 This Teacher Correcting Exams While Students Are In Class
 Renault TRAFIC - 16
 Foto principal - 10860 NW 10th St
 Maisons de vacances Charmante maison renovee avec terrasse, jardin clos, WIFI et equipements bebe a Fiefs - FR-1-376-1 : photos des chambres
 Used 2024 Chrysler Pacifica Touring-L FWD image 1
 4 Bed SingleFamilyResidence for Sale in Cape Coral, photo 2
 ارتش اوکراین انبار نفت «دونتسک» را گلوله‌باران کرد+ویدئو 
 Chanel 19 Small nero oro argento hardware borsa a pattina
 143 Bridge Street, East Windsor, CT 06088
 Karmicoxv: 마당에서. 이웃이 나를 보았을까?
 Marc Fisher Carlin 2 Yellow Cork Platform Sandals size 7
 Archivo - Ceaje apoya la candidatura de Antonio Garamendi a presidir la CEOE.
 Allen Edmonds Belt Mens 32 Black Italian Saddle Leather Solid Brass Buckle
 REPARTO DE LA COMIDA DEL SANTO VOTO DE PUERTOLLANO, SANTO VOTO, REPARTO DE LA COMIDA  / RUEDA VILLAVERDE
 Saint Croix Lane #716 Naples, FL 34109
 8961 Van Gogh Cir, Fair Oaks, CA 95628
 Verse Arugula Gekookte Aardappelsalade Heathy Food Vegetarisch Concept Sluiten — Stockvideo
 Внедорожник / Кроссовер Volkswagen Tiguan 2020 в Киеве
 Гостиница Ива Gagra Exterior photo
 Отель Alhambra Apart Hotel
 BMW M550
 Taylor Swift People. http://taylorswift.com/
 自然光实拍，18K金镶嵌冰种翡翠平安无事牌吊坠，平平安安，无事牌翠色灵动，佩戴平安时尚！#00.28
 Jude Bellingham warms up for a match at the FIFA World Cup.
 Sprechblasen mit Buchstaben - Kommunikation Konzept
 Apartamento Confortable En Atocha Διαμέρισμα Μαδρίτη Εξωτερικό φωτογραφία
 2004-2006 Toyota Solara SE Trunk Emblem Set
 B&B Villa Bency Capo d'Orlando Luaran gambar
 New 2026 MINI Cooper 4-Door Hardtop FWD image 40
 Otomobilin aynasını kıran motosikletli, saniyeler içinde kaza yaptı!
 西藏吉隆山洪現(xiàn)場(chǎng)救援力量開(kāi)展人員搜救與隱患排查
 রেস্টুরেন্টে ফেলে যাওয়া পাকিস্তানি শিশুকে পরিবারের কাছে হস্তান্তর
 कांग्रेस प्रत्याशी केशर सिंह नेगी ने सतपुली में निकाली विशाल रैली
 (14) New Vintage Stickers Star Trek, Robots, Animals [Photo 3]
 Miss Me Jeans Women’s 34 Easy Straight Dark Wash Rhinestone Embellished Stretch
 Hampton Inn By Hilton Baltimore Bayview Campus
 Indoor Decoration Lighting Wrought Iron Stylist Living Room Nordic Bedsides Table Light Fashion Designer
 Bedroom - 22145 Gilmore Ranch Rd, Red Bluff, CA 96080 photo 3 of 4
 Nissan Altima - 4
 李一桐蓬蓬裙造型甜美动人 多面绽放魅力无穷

◆ YOUR ASSIGNMENT ◆
A word-for-word restatement of the lines running from the one with "Bedroom - 22145" to the last line of the records is the whole answer.

◆ OUTPUT FOR THIS EXERCISE ◆
 Bedroom - 22145 Gilmore Ranch Rd, Red Bluff, CA 96080 photo 3 of 4
 Nissan Altima - 4
 李一桐蓬蓬裙造型甜美动人 多面绽放魅力无穷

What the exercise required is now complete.